(Short web captions)
○ ○ ○ ○
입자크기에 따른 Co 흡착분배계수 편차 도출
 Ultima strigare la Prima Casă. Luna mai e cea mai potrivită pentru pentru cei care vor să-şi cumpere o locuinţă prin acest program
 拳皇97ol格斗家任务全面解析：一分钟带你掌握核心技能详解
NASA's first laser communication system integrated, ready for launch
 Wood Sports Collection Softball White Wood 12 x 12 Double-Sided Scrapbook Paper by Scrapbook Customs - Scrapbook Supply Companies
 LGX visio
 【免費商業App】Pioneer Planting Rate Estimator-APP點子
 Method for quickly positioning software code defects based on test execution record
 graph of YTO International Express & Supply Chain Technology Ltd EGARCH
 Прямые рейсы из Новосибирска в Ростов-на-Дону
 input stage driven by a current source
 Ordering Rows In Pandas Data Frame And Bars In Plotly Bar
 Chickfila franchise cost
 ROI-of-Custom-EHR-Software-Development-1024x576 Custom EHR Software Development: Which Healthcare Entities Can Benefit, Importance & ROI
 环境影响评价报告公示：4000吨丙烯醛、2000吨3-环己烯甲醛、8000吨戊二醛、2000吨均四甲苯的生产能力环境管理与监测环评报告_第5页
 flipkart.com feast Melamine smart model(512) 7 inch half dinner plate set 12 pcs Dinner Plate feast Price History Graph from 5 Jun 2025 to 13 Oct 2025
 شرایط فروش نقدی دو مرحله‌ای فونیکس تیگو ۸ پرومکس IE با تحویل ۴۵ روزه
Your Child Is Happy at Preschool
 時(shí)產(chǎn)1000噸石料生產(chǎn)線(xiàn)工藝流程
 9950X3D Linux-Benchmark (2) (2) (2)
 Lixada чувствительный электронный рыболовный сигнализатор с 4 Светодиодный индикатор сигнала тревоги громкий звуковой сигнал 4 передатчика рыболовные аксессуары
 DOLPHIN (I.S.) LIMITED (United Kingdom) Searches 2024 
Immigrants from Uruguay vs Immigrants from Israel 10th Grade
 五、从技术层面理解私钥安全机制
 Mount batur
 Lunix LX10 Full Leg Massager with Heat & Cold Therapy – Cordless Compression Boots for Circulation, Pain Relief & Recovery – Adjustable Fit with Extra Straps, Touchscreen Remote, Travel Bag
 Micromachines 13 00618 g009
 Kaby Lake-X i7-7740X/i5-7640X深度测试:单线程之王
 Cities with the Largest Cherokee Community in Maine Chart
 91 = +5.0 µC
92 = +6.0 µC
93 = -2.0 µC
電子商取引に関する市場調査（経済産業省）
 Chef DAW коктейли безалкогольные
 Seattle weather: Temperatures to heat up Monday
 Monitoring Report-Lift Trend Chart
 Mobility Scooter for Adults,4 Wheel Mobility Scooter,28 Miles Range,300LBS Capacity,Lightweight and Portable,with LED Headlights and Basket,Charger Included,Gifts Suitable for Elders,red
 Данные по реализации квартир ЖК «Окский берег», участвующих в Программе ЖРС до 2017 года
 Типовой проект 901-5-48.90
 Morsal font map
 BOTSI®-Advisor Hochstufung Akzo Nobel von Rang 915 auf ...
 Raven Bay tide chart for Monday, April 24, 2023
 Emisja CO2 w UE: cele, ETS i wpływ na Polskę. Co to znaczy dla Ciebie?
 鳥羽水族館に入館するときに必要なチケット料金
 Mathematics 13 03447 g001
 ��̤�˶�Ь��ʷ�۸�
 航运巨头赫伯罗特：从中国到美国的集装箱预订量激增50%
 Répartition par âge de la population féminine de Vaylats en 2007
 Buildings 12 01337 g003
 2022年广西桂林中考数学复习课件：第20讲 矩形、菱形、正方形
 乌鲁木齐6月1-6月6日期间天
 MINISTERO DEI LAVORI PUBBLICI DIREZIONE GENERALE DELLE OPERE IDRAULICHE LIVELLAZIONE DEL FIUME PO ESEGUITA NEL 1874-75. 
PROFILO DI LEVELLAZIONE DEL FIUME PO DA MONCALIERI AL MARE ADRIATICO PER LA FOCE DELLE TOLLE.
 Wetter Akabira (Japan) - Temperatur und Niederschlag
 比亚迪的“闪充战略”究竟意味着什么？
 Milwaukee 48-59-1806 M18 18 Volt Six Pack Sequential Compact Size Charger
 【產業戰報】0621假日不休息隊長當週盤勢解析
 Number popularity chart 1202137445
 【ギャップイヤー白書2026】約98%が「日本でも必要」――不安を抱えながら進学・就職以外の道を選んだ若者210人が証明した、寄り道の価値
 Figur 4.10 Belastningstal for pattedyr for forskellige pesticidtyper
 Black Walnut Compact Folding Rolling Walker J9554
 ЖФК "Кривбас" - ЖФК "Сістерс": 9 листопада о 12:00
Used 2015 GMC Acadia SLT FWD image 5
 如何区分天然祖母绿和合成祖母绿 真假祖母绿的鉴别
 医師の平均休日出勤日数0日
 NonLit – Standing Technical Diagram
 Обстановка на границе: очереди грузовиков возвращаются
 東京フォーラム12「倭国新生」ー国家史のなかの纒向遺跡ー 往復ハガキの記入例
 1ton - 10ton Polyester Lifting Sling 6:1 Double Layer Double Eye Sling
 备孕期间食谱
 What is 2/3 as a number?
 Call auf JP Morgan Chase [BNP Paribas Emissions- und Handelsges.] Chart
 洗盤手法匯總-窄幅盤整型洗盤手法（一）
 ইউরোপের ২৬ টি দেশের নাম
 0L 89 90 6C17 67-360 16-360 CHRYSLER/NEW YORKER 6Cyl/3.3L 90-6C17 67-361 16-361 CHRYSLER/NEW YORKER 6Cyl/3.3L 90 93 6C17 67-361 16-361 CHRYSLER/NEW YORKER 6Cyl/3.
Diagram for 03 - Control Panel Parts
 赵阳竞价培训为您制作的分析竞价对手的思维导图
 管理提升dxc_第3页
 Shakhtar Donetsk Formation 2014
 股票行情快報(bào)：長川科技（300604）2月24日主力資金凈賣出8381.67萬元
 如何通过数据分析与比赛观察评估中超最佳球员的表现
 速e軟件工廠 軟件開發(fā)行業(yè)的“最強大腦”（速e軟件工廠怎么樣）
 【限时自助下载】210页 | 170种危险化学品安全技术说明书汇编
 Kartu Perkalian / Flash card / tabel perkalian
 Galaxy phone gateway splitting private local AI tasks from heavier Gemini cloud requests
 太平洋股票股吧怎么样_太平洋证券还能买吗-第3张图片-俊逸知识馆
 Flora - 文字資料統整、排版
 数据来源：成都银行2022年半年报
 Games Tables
○ ○ ○ ○
Search the data above for the word "FIUME". Copy each line it is in.

## Exercise response
 MINISTERO DEI LAVORI PUBBLICI DIREZIONE GENERALE DELLE OPERE IDRAULICHE LIVELLAZIONE DEL FIUME PO ESEGUITA NEL 1874-75. 
PROFILO DI LEVELLAZIONE DEL FIUME PO DA MONCALIERI AL MARE ADRIATICO PER LA FOCE DELLE TOLLE.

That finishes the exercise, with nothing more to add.